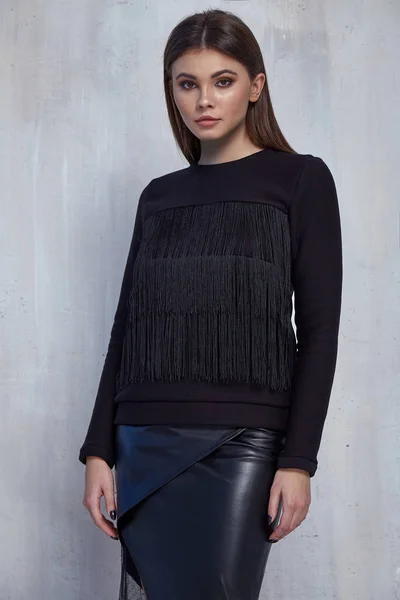 Sexy bonita moda mulher desgaste total preto casual tendência roupas — Fotografia de Stock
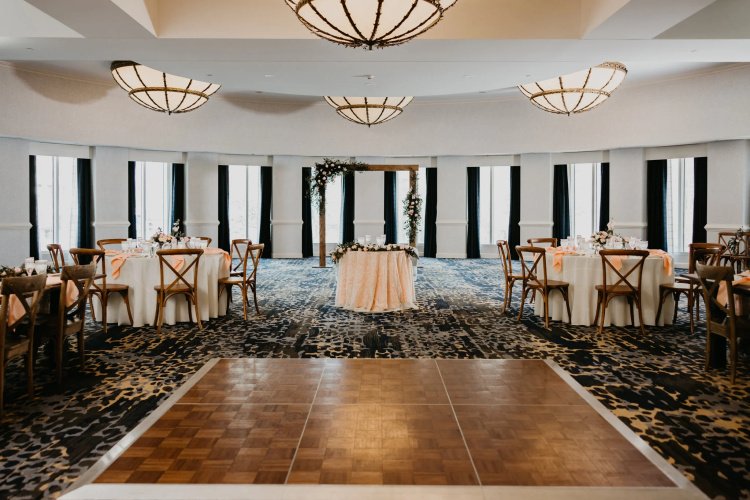 Crowne Plaza Cleveland At Playhouse Square photo 37
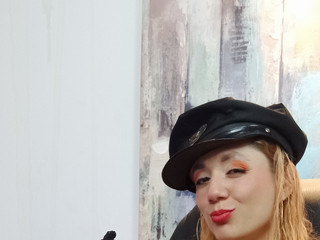 Under arrest 👮‍♀️🚨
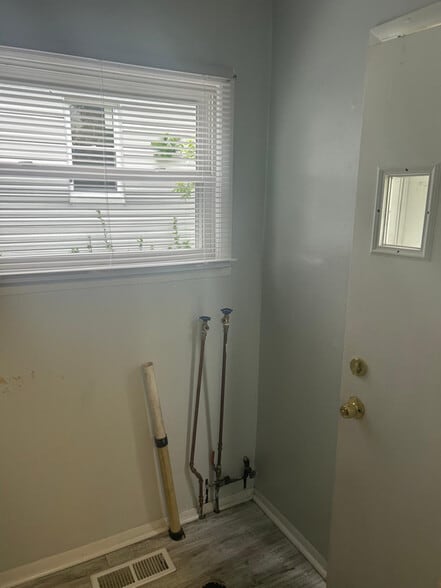 Building Photo - 4420 E 154th St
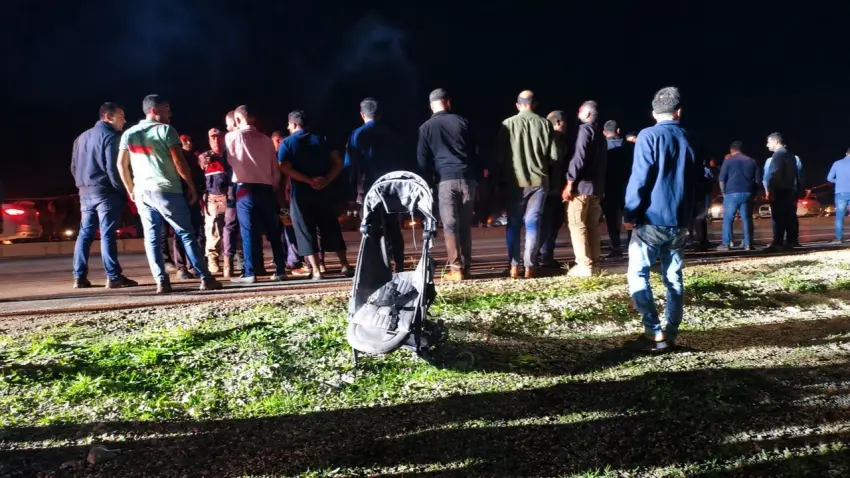 Hatay’da feci kaza: Anne yaşamını yitirdi, 4 yaşındaki kızı ağır yaralandı - Fotoğraf 1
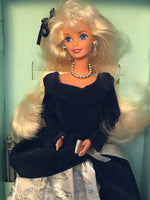 a* Vintage Avon Exclusive Winter Velvet Special Edition Barbie 1995 Mattel New in Box 15571 Retired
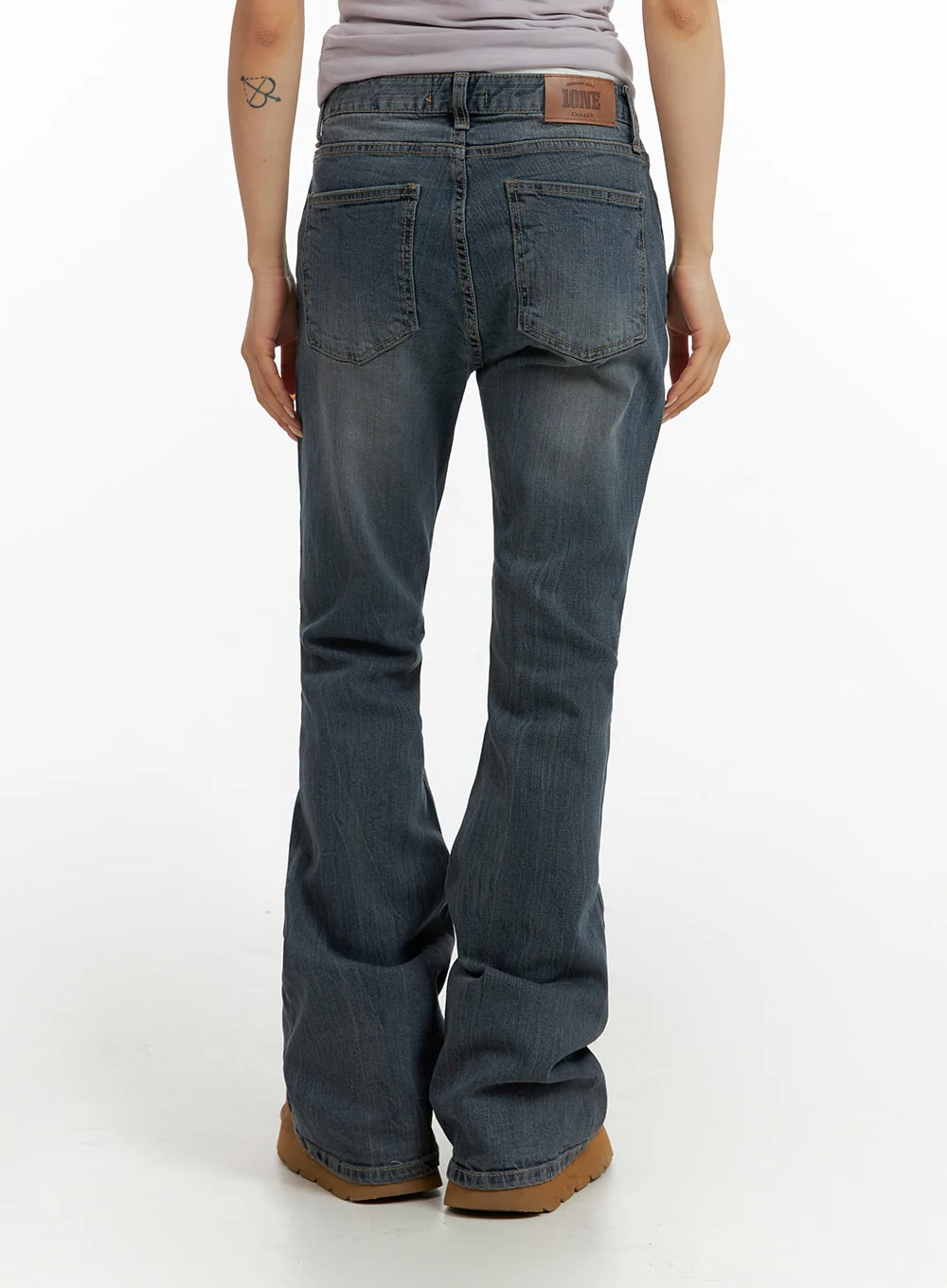 Slim Washed Flared Jeans CF416 - Image 4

[TASK] The line containing "Hatay’da feci kaza: Anne" and every line after it, through the end of the records, are what you should retype exactly. Do not include the pictures.

[PROBLEM SOLUTION]
 Hatay’da feci kaza: Anne yaşamını yitirdi, 4 yaşındaki kızı ağır yaralandı - Fotoğraf 1
 a* Vintage Avon Exclusive Winter Velvet Special Edition Barbie 1995 Mattel New in Box 15571 Retired
 Slim Washed Flared Jeans CF416 - Image 4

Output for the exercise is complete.